I feel like I need to do a lot more research, but this is what I have as of now. Also, thank freaking God Agnes has interlibrary loan; without it I simply wouldn’t be able to write this paper!

Thesis: Shifting American political ideals and Nixon’s and Kissinger’s compassionate realist approach enforced Sino-American rapprochement.

“Timeline: Nixon’s China Game.” American Experience: Nixon’s China Game. Public Broadcasting System, 1999. Web. <http://www.pbs.org/wgbh/amex/china/timeline/timeline6.html&gt;.
This incredibly detailed timeline starts in June, 1945 and ends in April, 1979, and is associated with Nixon’s China Game, a documentary about Nixon visiting China. The timeline outlines each leaders’ political moves and correlates them to the exact date of the occurrence. The level of detail provides evidence that Nixon and Kissinger were, on the American side, the driving factor behind Sino-American Détente.

Bell, Duncan. Political Thought and International Relations: Variations on a Realist Theme. Oxford University Press, 2010.
Bell examines a variety of international relations theories. He unpacks Morgenthau’s interpretation of compassionate realism.

Cohen, Warren. America’s Response to China: An Interpretative History of Sino-American Relations. 1st ed. Canada: John Wiley & Sons, 1971.
America’s Response to China is the standard text on Sino-American relations written by Warren Cohen, a diplomatic historian. The book analyzes trends, conceptions, and concerns from both Chinese and American points of views that have shaped Sino-American policy. This particular edition includes a chapter entitled, “The Response to Chinese Nationalism,” which examines societal American reactions to Chinese Communism in the Cold War era.

Goh, Evelyn. Constructing the U.S. Rapprochement with China, 1961-1974: From ‘Red Menace’ to ‘Tacit Ally.” United Kingdom: Cambridge University Press, 2005.
In Goh’s thesis, she claims that a historically sensitive constructivist approach explains why the United States would be willing to reconcile with China. She shifts the focus away from the power balance between US, Soviet Union, and China, and instead centers her support on the era’s political leadership and social changes. She then concludes that Nixon’s new China policy is a product of compassionate realism.

Hsiao, Gene. Sino-American Détente and Its Policy Implications. 2nd ed. New York: Praeger Publishers, 1975.
This compilation of academic writing and analysis gives a variety of viewpoints on Sino-American Détente that was organized after The Asian Studies Program of Southern Illinois University at Edwardsville Conference. Historical context leading to Nixon’s visit to China is widely debated in each article. Furthermore, Sino-American Détente and Its Policy Implications also provides nine primary sources that directly note the personal interaction between the Chinese and US leadership in late 1960’s and early 1970’s. Some of the most important chapters include “American News Media and China,” “Moscow’s Reaction to Nixon’s Jaunt to Peking,” and  “A Future for Taiwan.”
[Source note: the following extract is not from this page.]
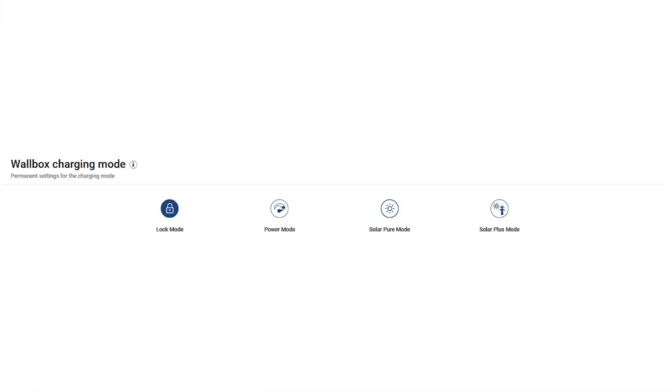The Wallbox offers four different charging modes, which you can easily select using the four buttons on the Wallbox page, which we will now discuss.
Hsu, Chun-Ye. Sino-American Relations and Détente: Nixon, Kissinger, Mao and the One-China Policy, with special reference to Taiwan. School of International and Community Studies Design and Social Context Portfolio. RMIT. 2008.
This graduate student’s paper focuses on how Taiwan, the One-China policy, and human rights issues played a role in Sino-American reconciliation. He goes into depth in comparing Taiwanese nationalism and American nationalism, which signals why Nixon was willing to push Taiwan aside to reestablish contact with Mainland China.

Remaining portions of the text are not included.